There is much speculation as to how much Braeburn House will sell for and who will buy it. The riverside manse sits proudly overlooking Whanganui and the river, with nothing else in the wider area to compare it to. The building, originally built as a private hotel, is unique in its size and situation.
Twins Brad and Mel L'Huillier bought it in 1987 when they were in their late 20s.
"It was fully tenanted," said Brad. "But it was like most of the town in those days - nobody really appreciated the heritage buildings. And you had to have an eye on what you wanted to do with it. For us it was to restore it back to what it was originally - the open verandahs and have a community of people who just wanted to be here and loved it."
The pair spent the first five years restoring it back to its original glory after various modifications. Some of the grand building's windows had been boarded up and balconies enclosed.
"It got taken over during the war years as a tactical school for officers, and that is when they closed in these wooden verandahs to make more bedrooms," Brad said.
"I'm not sure how long they were in here but after that I think it became a bed-and-breakfast. A lady called Ester ran it for quite a few years and then it wasn't until the 60s when John Johnston, a retired school inspector, bought it as a retirement hobby and turned it into units."
Brad would like to know more about the building's early history but thinks it's unlikely as it was commissioned more than a century ago by an unusual bunch of entrepreneurs.

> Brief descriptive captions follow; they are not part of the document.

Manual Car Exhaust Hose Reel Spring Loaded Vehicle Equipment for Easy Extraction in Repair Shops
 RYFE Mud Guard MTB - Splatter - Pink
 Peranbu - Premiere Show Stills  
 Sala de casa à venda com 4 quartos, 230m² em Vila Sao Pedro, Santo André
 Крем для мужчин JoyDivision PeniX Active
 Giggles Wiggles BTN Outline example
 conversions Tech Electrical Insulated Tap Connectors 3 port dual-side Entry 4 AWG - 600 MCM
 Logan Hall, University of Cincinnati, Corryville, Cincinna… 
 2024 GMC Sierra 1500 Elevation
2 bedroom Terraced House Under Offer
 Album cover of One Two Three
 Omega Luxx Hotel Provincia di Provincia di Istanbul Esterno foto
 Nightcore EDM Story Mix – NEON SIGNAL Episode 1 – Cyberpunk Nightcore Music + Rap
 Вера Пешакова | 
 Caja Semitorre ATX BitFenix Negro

"A syndicate of journalists from the Chronicle office apparently," said Brad. "Someone must've had a bright idea and they must've obviously needed a private hotel in Whanganui. And this would've been the newest one because when you look at the photos you can see the tall ships tied up outside on the river here.
"And it was a booming town. That was the only way to get to the central North Island, you had to go up the Whanganui River."
With the major work done, the twins are putting the finishing touches on the building. Unlike some older buildings, it meets modern standards for earthquake and fire.
"It was built as a fireproof building, which is an amazing thing," he said. "In those days, because a lot of the old wooden hotels, they had a problem with a lot of people smoking and fire was a major hazard. It's all little compartments and the ceilings are fireproof."